# know how to catch fish with a shovel?



## besign (Aug 9, 2014)

and I mean LOTS of fish, quickly and without a lot of effort? IN fact, you can keep them alive for quite some time, and use the fish as bait for turtles, gators, dogs, cats, etc.


----------



## Woody (Nov 11, 2008)

With a shovel? Do tell, how about some details... or at least a hint. Like... is it illegal?


----------



## besign (Aug 9, 2014)

not necessarily. what you do is trench thru a pond dam. it it's your pond, it's perfectly legal.


----------



## Woody (Nov 11, 2008)

Then? Whack them with the shovel as they spill out and when you have caught a few quickly shovel dirt back to fill in the breach to keep the pond from completely emptying and depleting your water supply?


----------



## camo2460 (Feb 10, 2013)

besign said:


> and I mean LOTS of fish, quickly and without a lot of effort? IN fact, you can keep them alive for quite some time, and use the fish as bait for turtles, gators, dogs, cats, etc.

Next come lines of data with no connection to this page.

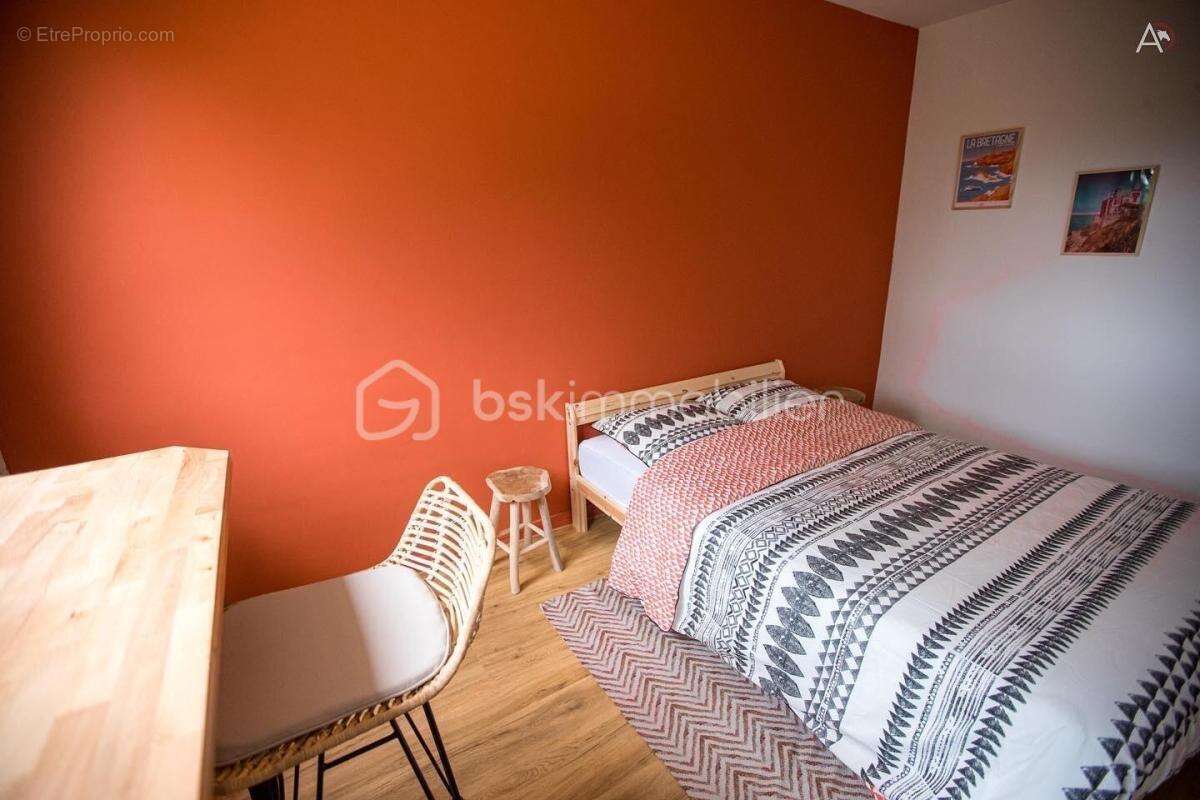 Appartement familial de 105 m² avec balcon – Dinan - photo 10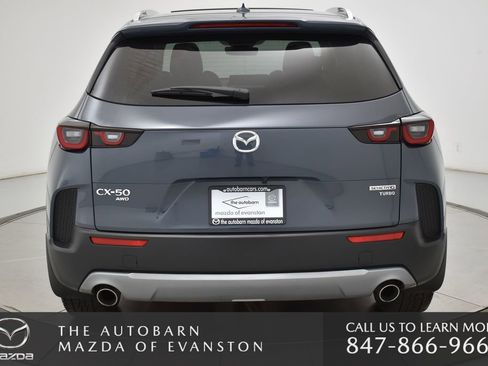 Used 2025 MAZDA CX-50 Meridian Edition w/ Apex Package image 18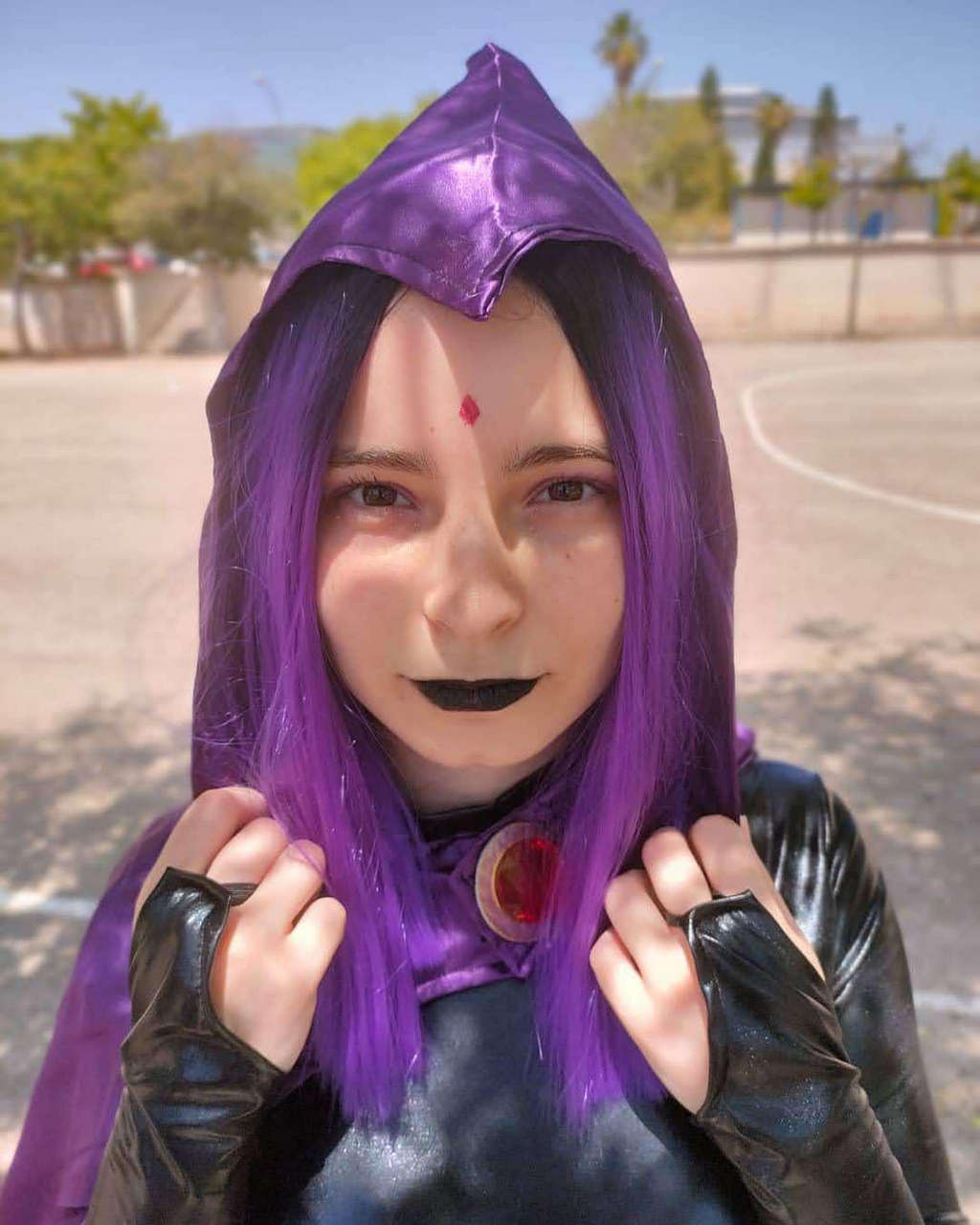 Raven Cosplay By Mel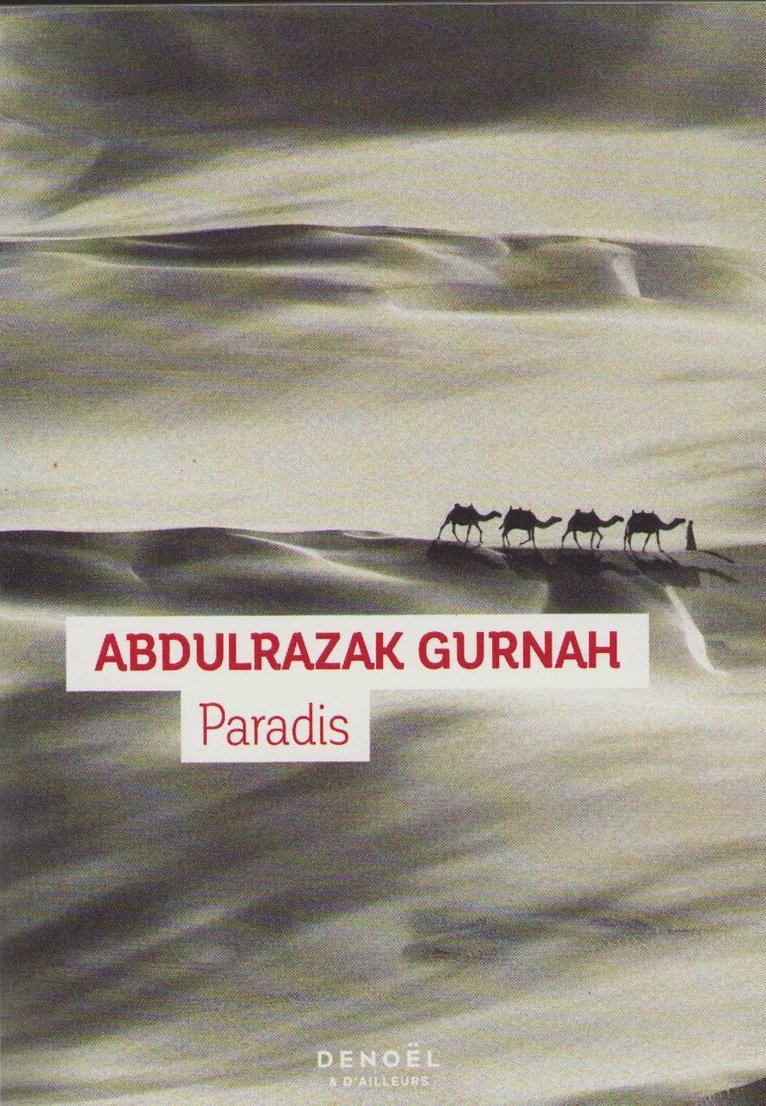 Abdulrazak Gurnah - Paradiset (Franska), Häftad
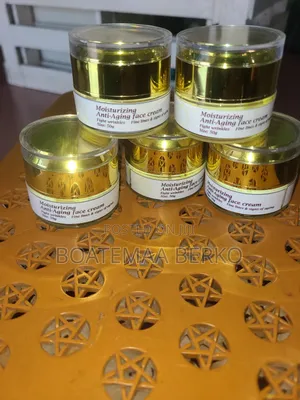 Anti Aging Whitening Face Cream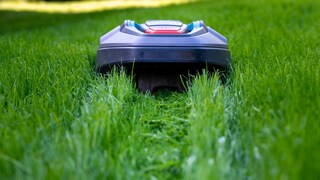 Robotic Lawn Mowers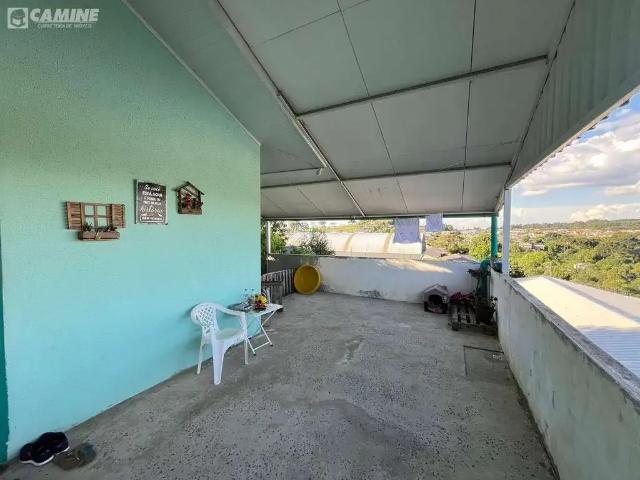 Casa / Sobrado para Venda em Palmas/PR Klubegi 3 Quartos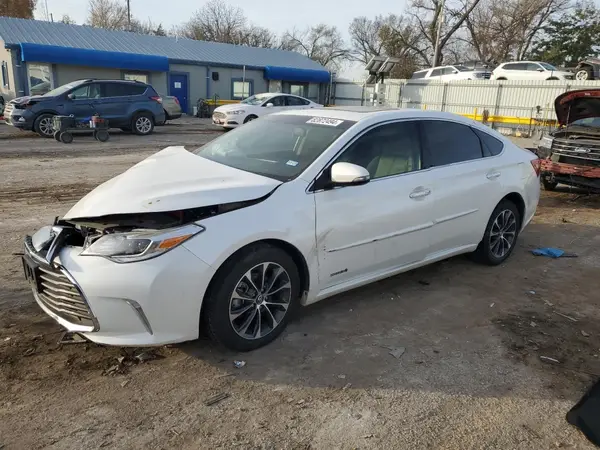4T1BD1EB1GU057092 2016 TOYOTA AVALON - Image 1
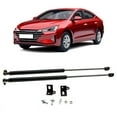thumbnail image 2 of 2Pcs Car Gas Shock Hood Strut Damper Front Engine Hood Support Rod Damper for AD Avante 2015-2019, 2 of 5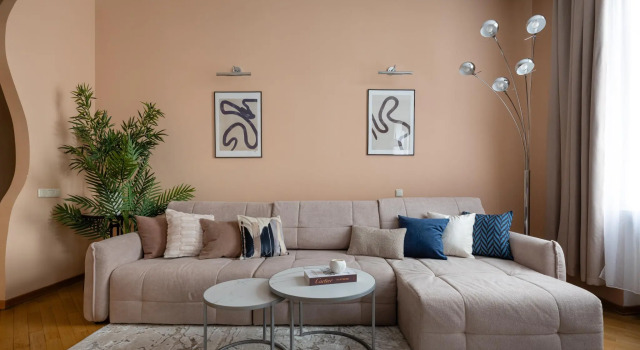 GMApartments (ДжиЭмАпартментс) на переулке Серпов 3-5, Забронировать Апартаменты/квартира Центральный административный округ Москва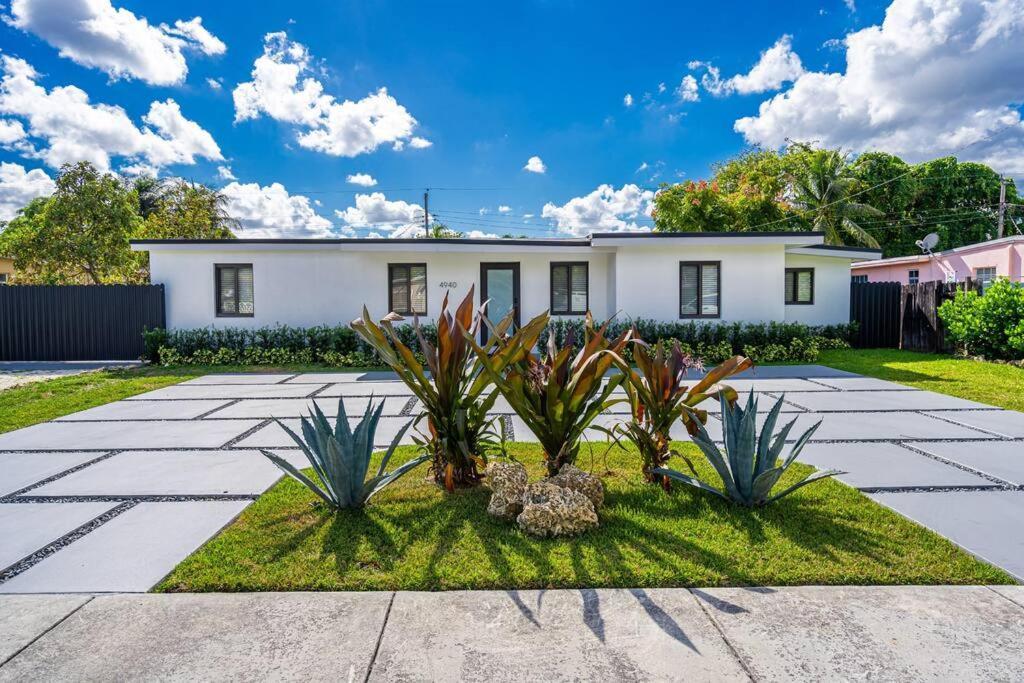 Casa De Miller Villa Tamiami Exteriör bild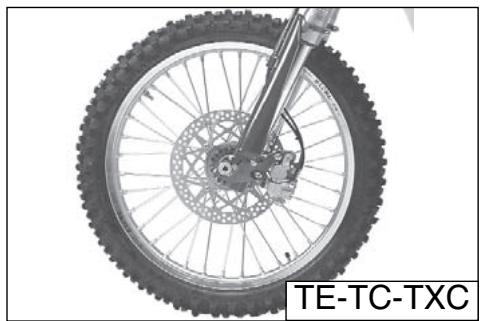 HUSQVARNA TXC 450 - LEGEND - 1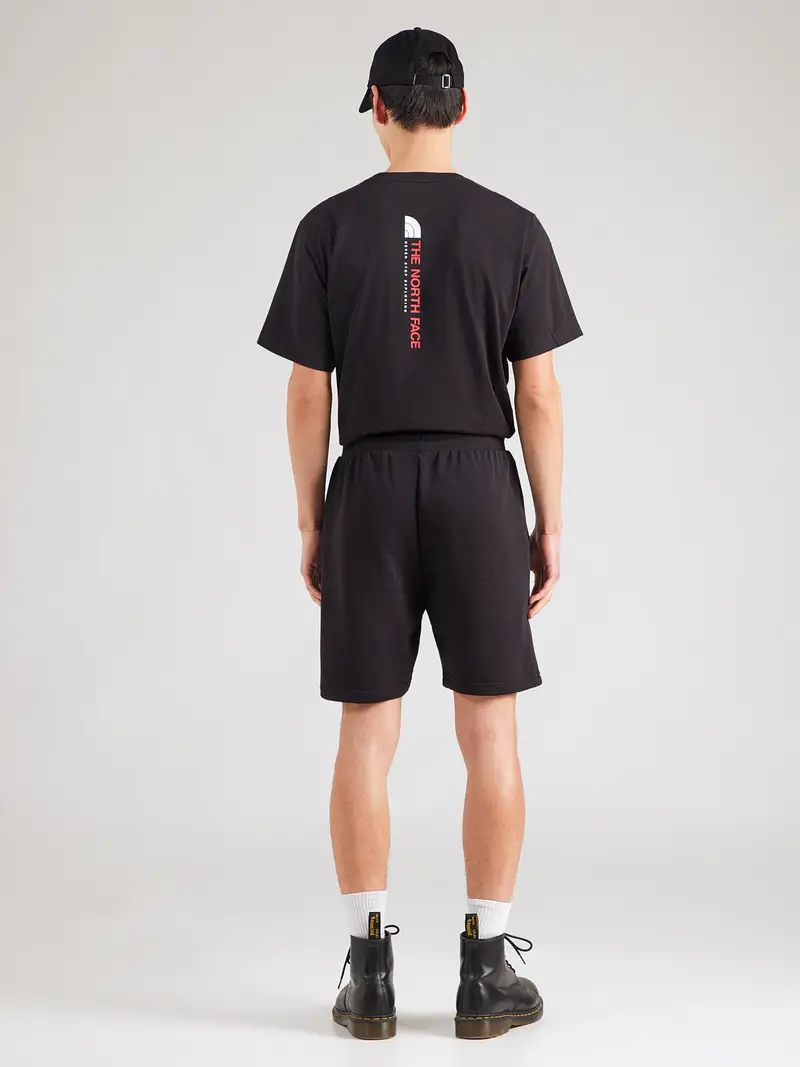 Pantaloni BOX NSE LIGHT nero / bianco miniatura 3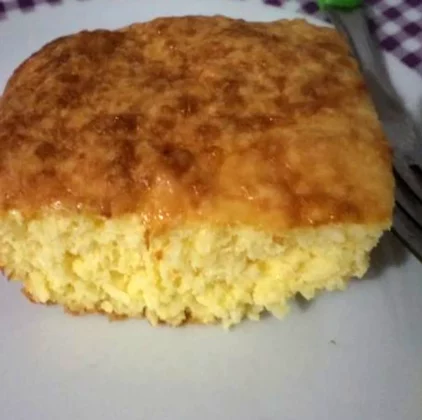 Receita de Queijadinha de Assadeira | Amo Receita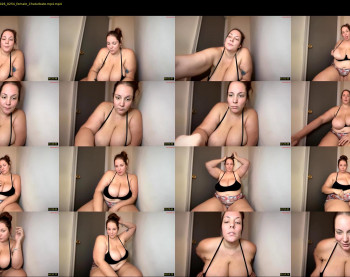bigoltittycomittee — 6 minute Chaturbate female cam show recording, 720p, Jan 6, 2026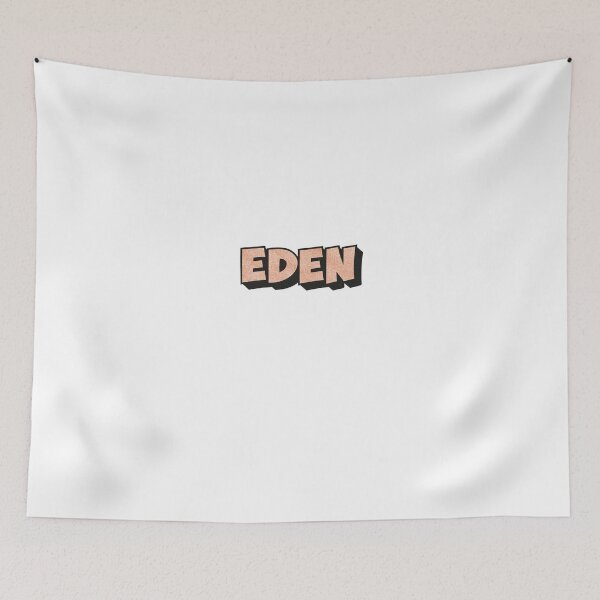 Item preview, Eden Personalized Custom Name Design for Girls, Teens, and Women designed and sold by Watsonarts.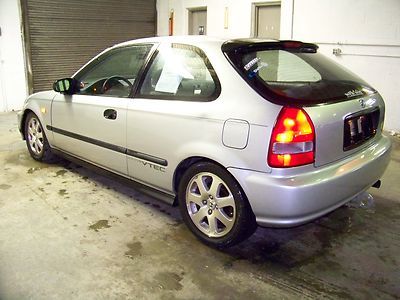 No reserve...si vtec swap...b16...read description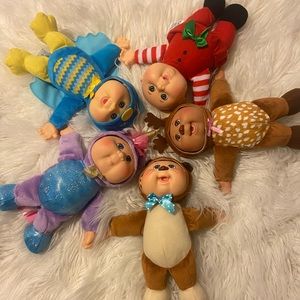 Cabbage Patch Babies Bundle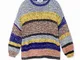 Maglione tricot mélange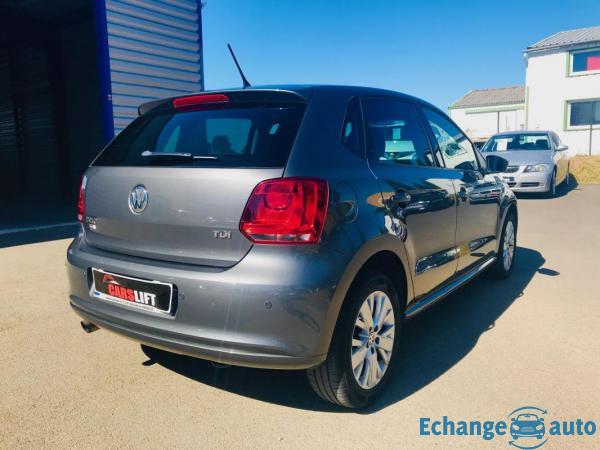 Volkswagen Polo 1.6 TDI 90 LIFE GARANTIE 6 MOIS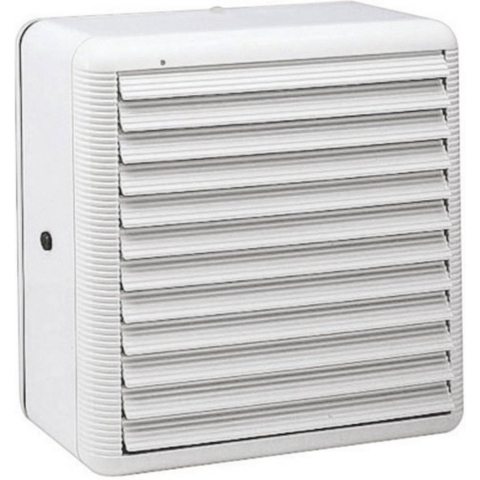 Wallair VITRO 9/230 A Wand- en vensterventilator 700 m³/h
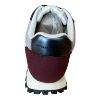 Immagine di ARMANI EXCHANGE SCARPE donna Sneaker Bassa Low Cut Multi/Bordeaux XW2150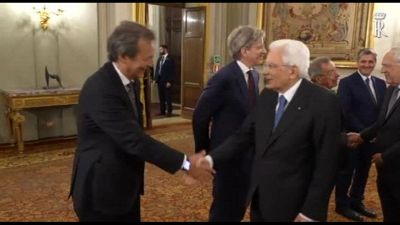 Mattarella: agenzie di stampa, indispensabile alimento democrazia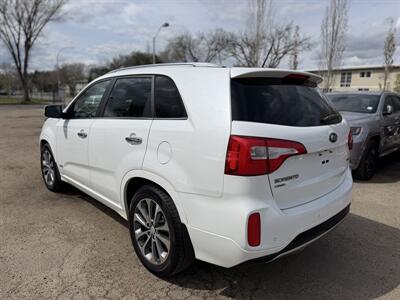 2015 Kia Sorento SX Limited - Photo 4 - Edmonton, AB T5W 1E5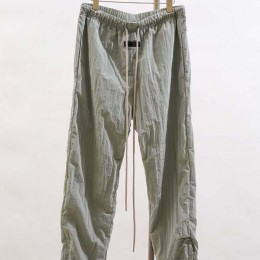 FEAR OF GOD FOG ESSENTIALS Crinkle Nylon Trackpants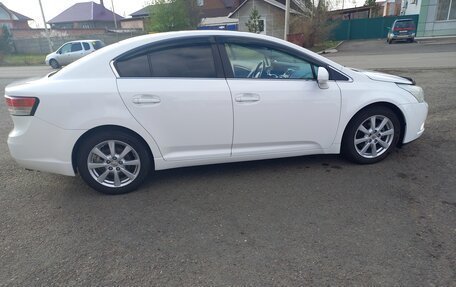 Toyota Avensis III рестайлинг, 2012 год, 1 530 000 рублей, 6 фотография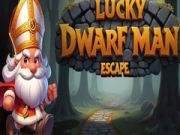 Игра Бягство на щастливия джудже онлайн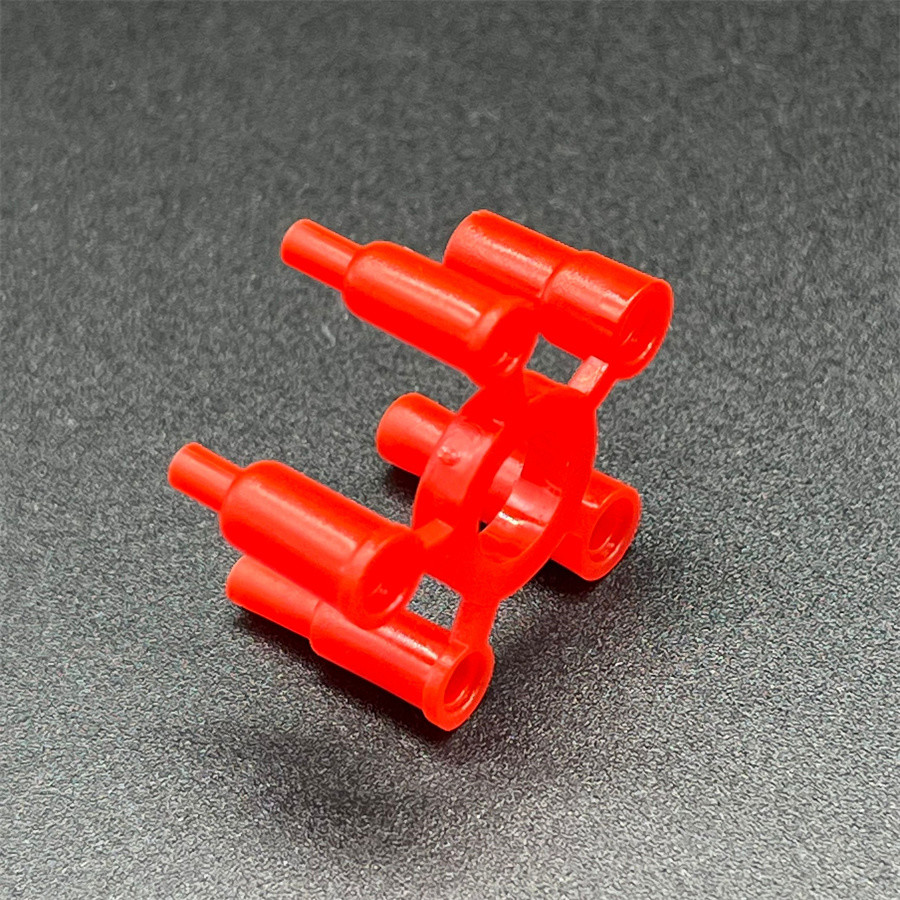 Reliable Gas Lighter Fill Valve Leak Resistant Inculde 40mm 1 Inch Aerosol Valve For Light Cans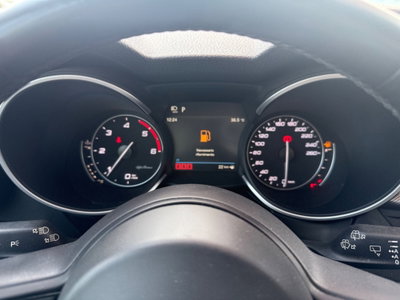 Alfa Romeo Stelvio Stelvio 2.2 Turbodiesel 190 CV AT8 Q4 Sprint (15)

besign stop posting your TROLL DRIVEL, no one is impressed, and unless you actually have something useful, go away.


----------



## hashbrown (Sep 2, 2013)

If the op knew shiite from good apple butter, he'd know a gill net trumps a shovel any day of the week.....


----------



## besign (Aug 9, 2014)

sheesh, man. can you say "duh".. you stop short of draining the pond completely and rig a net out of sticks, or whatever, to see to it than none escape thru the water slit.


----------



## labotomi (Feb 14, 2010)

besign:


camo2460 said:


> besign stop posting your TROLL DRIVEL, no one is impressed, and unless you actually have something useful, go away.


This post received (at the time) 7 likes. You currently have 6 liked posts out of a total of 86.

Do you think there's a reason for that?


----------



## White_Sands (Dec 1, 2012)

How to catch fish with a shovel? Easy, hit them over the head with the shovel. It's cheaper than dynamite and you will not get in trouble with the law.


----------



## tortminder (Oct 15, 2008)

White_Sands said:


> How to catch fish with a shovel? Easy, hit them over the head with the shovel. It's cheaper than dynamite and you will not get in trouble with the law.


Does it work on trolls too?:scratch


----------



## crabapple (Jan 1, 2012)

besign said:


> not necessarily. what you do is trench thru a pond dam. it it's your pond, it's perfectly legal.


digging a HOLE in a DAM, who are you "The little Dutch boy".
Everyone knows the last thing you want in a Dam is a hole.
That why you do not let trees grow on a dam, when the stumps rot you weaken the dam.


----------



## crabapple (Jan 1, 2012)

Ooooooops!


----------